WORK ITEM> Write out every line of the material as it stands, apart from the pictures.

DATASET CONTENT>
◆ ◆ ◆ ◆ ◆ ◆ ◆

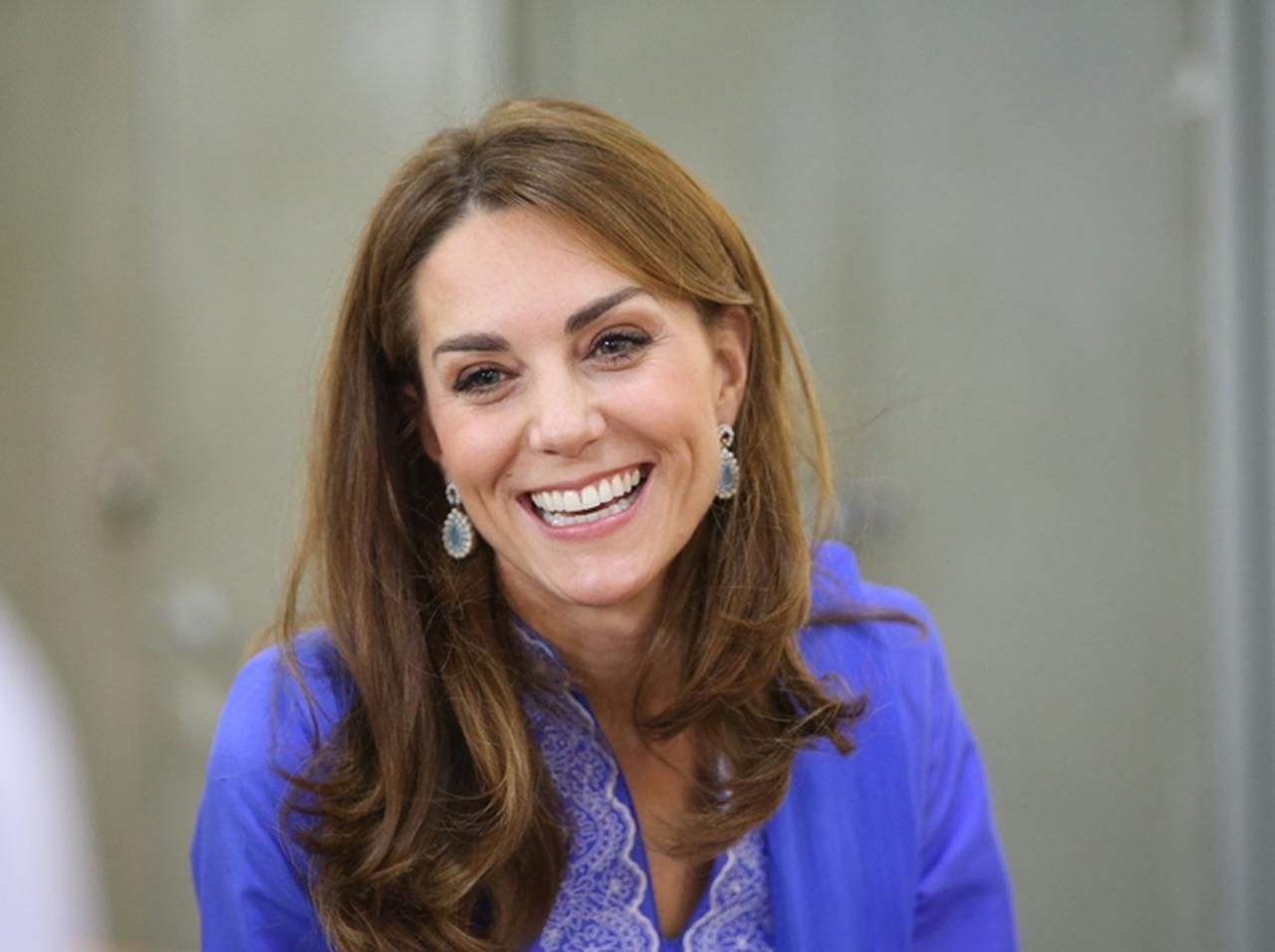 キャサリン妃、「おもちゃ」のティアラでも『リアル・プリンセス』の風格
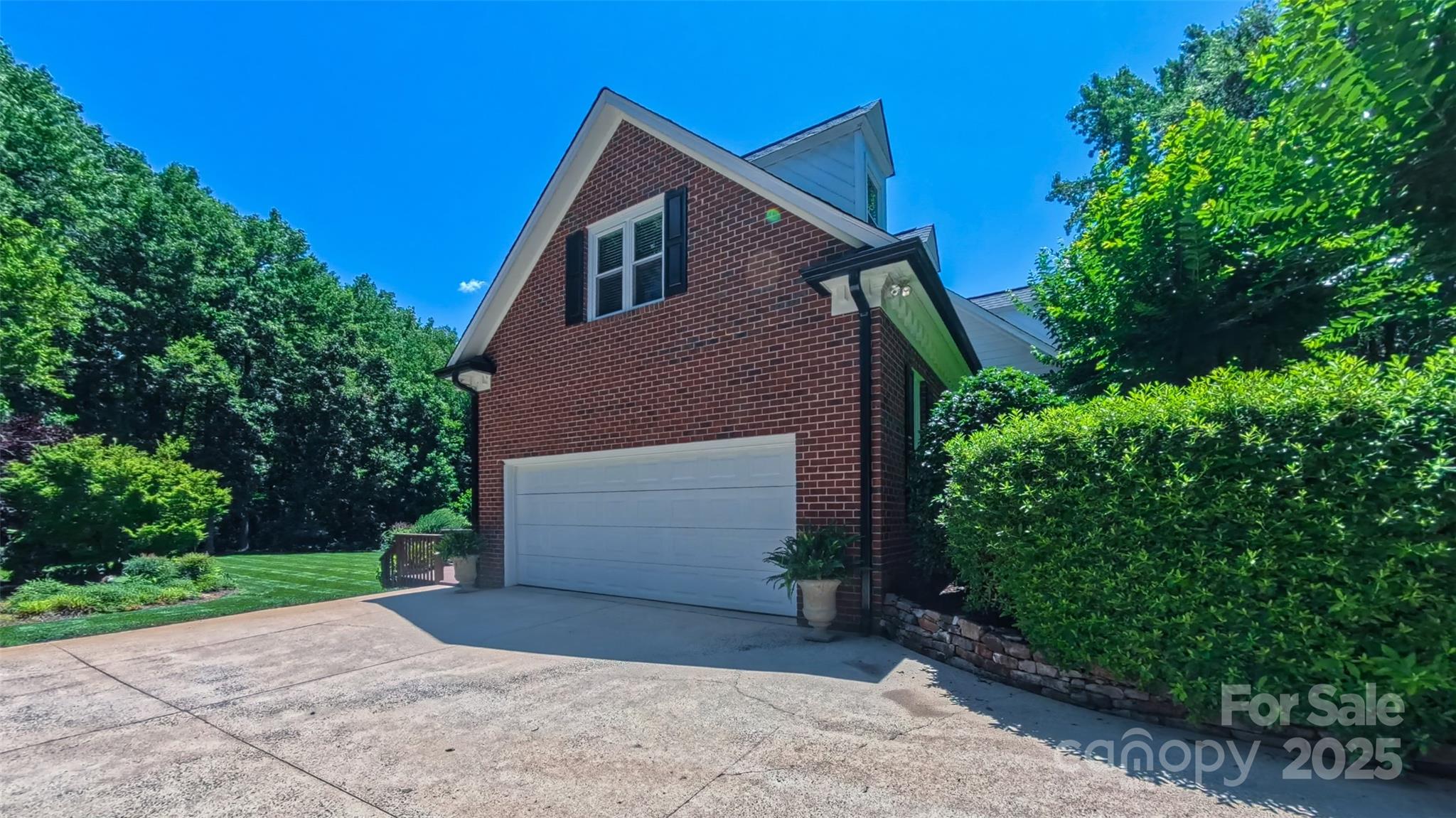 1240 Fawn Ridge Road NW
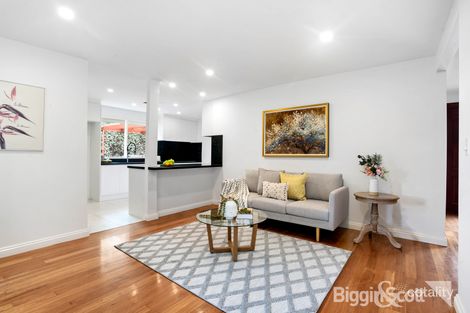Property photo of 43 Knights Drive Glen Waverley VIC 3150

◆ ◆ ◆ ◆ ◆ ◆ ◆

ANSWER FOR THE TASK>
 キャサリン妃、「おもちゃ」のティアラでも『リアル・プリンセス』の風格
 1240 Fawn Ridge Road NW
Property photo of 43 Knights Drive Glen Waverley VIC 3150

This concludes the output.